Ma quale politica estera che vada al di là delle semplici dichiarazioni? Il Servizio europeo per le relazioni esterne, che dovrebbe costituire l’embrione di una sorta di corpo diplomatico europeo e composto da funzionari della Commissione, del Segretariato del Consiglio e da diplomatici distaccati dai paesi membri vorrebbe far si che i paesi Ue riescano ad agire sempre più di concerto nelle varie aree del mondo, facendo prevalere le politiche comuni su quelle bilaterali. In primo luogo, molti dettagli importanti devono ancora essere chiariti. In secondo luogo, bisogna considerare che in vari paesi europei e nella stessa Bruxelles ha ripreso a soffiare da qualche tempo un vento intergovernativo, che tende a frenare i tentativi di rafforzare la dimensione comunitaria e sopranazionale dell’Ue. Emblematica di questo clima è la dichiarazione sulla Pesc, che, su richiesta soprattutto della Gran Bretagna, è stata allegata al Trattato di riforma: vi si riaffermano con pignoleria le prerogative dei paesi membri nel settore della politica estera e della diplomazia.

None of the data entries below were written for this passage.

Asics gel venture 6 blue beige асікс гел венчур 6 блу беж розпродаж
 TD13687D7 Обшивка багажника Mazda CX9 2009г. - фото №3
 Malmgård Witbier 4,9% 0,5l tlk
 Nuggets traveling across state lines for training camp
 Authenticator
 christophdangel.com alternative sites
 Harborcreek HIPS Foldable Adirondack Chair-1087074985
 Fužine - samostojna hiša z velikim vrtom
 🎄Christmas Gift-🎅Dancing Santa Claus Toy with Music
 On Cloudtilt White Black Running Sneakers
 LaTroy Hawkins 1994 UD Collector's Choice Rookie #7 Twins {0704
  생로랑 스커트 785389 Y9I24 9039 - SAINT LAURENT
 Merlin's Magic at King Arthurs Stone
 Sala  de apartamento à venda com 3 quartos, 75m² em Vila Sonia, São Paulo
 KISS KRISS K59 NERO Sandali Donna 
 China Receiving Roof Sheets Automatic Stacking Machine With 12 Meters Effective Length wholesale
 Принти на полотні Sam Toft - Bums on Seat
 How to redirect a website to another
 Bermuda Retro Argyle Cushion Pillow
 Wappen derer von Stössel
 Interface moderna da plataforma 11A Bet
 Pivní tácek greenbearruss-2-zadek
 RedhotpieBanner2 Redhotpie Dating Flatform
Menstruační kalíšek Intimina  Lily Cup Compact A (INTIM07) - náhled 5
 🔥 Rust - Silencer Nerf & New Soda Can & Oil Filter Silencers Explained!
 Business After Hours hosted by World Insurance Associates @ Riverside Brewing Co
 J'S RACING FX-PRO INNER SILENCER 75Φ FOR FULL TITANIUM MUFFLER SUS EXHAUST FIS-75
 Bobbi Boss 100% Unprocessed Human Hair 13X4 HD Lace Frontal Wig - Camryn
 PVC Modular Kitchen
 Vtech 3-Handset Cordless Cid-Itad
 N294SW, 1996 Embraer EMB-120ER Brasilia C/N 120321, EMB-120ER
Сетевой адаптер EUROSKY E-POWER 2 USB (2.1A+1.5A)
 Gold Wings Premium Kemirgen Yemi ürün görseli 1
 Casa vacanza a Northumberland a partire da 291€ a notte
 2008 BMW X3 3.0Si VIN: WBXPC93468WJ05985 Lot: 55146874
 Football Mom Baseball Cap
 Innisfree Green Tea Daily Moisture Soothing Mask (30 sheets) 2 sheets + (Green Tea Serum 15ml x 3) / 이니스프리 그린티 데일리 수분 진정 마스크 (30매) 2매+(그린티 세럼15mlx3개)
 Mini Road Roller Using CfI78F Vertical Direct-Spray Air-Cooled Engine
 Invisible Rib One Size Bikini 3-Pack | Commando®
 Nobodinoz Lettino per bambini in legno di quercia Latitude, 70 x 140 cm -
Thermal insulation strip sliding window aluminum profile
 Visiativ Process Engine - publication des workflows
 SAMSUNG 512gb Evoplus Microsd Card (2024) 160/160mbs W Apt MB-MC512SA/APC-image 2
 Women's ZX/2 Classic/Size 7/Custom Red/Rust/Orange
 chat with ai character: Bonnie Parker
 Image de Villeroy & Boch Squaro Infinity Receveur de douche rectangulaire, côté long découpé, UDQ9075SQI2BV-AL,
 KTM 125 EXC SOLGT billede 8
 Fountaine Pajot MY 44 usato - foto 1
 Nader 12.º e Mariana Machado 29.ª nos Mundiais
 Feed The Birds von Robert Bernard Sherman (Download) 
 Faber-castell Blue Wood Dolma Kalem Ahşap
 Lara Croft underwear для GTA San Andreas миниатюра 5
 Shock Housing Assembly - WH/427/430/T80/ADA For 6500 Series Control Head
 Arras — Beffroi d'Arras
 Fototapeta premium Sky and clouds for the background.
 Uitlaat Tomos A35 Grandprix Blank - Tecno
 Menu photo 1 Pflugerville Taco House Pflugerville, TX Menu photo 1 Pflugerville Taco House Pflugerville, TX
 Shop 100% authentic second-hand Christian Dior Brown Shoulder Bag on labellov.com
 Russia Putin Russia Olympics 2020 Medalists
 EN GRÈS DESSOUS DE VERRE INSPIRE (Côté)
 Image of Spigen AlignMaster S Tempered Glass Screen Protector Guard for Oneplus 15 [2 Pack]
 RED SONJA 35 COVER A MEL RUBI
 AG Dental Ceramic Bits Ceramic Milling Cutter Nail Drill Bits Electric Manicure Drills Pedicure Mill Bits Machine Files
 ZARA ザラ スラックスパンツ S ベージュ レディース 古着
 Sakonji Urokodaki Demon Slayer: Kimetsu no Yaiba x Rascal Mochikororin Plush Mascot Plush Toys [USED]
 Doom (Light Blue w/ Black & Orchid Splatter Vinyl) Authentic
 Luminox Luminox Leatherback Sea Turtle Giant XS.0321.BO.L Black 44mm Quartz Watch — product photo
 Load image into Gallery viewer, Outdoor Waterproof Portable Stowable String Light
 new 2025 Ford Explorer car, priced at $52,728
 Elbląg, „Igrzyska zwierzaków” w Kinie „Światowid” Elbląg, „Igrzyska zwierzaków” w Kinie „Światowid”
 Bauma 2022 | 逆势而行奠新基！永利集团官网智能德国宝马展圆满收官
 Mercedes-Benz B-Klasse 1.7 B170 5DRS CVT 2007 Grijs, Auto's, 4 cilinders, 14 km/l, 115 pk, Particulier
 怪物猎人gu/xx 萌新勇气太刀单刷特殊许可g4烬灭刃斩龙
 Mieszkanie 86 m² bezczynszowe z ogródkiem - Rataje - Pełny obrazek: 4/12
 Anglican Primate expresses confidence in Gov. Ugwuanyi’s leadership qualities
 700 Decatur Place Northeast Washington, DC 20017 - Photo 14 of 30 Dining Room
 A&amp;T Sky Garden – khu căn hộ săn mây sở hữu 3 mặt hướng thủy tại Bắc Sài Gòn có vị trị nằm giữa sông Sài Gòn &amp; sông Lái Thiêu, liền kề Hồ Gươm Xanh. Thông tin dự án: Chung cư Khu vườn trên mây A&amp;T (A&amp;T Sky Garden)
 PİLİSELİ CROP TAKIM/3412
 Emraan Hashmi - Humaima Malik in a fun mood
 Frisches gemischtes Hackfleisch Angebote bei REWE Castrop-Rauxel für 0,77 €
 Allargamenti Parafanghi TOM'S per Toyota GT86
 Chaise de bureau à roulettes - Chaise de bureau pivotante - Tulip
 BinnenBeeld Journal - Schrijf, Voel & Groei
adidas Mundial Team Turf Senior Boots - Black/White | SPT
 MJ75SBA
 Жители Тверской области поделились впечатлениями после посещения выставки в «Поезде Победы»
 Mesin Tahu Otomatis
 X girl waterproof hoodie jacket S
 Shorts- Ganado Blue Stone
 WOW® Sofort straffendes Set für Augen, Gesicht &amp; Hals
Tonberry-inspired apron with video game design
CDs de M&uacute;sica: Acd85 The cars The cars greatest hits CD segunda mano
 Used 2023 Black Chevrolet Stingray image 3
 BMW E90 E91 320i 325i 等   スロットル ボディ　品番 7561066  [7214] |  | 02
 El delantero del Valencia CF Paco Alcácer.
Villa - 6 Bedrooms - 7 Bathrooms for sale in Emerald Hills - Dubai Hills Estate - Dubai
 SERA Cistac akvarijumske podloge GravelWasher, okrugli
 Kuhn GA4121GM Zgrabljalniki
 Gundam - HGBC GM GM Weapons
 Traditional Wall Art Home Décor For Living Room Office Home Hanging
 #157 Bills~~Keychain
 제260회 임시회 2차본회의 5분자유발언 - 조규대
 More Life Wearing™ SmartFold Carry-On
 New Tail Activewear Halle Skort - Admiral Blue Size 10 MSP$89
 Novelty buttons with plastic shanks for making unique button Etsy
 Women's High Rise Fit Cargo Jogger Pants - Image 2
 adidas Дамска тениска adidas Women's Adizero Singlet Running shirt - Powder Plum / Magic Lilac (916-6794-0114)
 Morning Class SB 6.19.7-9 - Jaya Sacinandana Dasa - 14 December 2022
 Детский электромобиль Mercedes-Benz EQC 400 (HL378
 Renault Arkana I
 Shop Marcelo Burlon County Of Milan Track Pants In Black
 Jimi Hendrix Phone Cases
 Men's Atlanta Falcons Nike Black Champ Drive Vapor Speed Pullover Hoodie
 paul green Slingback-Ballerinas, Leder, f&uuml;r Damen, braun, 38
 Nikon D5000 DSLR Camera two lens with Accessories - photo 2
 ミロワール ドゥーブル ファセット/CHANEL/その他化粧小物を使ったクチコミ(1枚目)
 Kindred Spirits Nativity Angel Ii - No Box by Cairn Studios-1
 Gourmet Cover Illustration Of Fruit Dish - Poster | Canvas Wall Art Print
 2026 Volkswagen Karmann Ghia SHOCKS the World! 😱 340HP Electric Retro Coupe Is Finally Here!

È chiaro quindi che restano profonde e diffuse resistenze allo sviluppo di una politica estera comune. Con queste resistenze si dovrà fare i conti anche quando si tratterà di realizzare concretamente le nuove misure di riforma.  Vista l’assenza di un ruolo dell’UE difficilmente si potrà trovare una soluzione condivisa e comune. Sarebbe, però, auspicabile convocare al più presto una “nuova conferenza di pace” sul modello di quella di Madrid: solo così si potrebbe sperare in una qualche soluzione e, con una presidenza stabile del Consiglio Europeo, si avrà la possibilità di chiamare direttamente l’Europa, per parafrasare la celebre frase polemica di Kissinger “Se voglio chiamare l’Europa, che numero devo comporre?”. Molto, ovviamente, dipenderà dalla capacità dei leader europei sapranno dimostrare, nonché dallo spazio che le capitali nazionali, soprattutto Roma, Londra, Parigi e Berlino concederanno a questa auspicabile e urgente “Madrid 2”.